## Work request
From the listing below, output the lines between the one with "Снимка на Постелка" and the one with "MICROPHEN Pulverentwickler für 1 Liter", including those two, and nothing else. Pictures are not copied.
Data to process: Begin
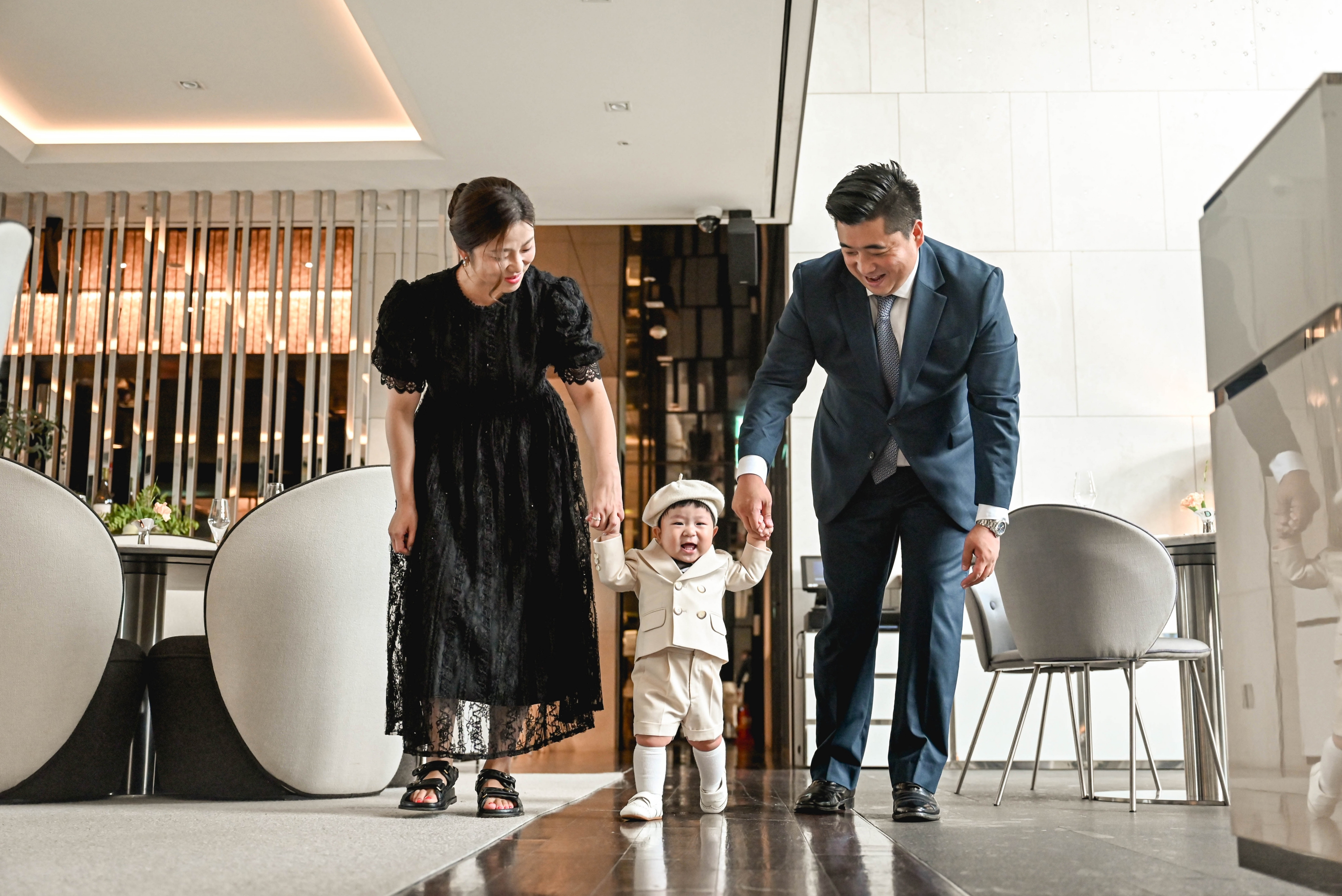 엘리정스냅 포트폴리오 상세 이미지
Data to process: End
Data to process: Begin
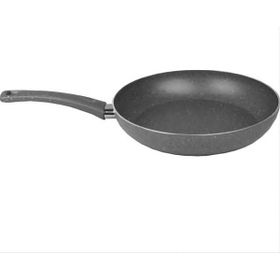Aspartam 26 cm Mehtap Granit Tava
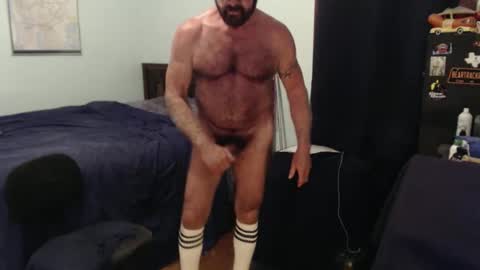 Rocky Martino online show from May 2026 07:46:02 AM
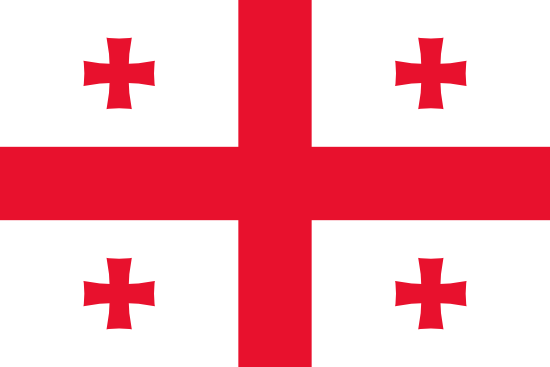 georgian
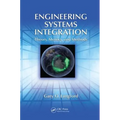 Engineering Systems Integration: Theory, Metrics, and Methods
Data to process: End
Data to process: Begin
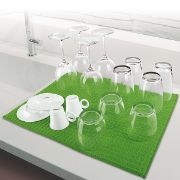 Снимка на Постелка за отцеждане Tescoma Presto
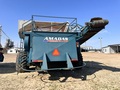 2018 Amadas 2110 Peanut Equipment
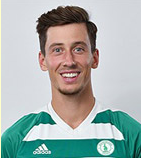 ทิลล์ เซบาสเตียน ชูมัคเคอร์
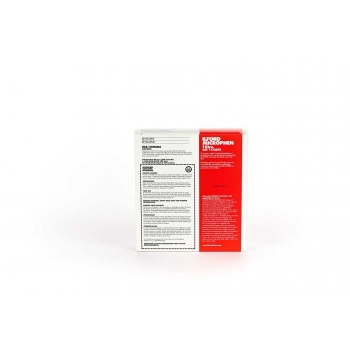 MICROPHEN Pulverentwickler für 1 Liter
Data to process: End
## Exercise result
 Снимка на Постелка за отцеждане Tescoma Presto
 2018 Amadas 2110 Peanut Equipment
 ทิลล์ เซบาสเตียน ชูมัคเคอร์
 MICROPHEN Pulverentwickler für 1 Liter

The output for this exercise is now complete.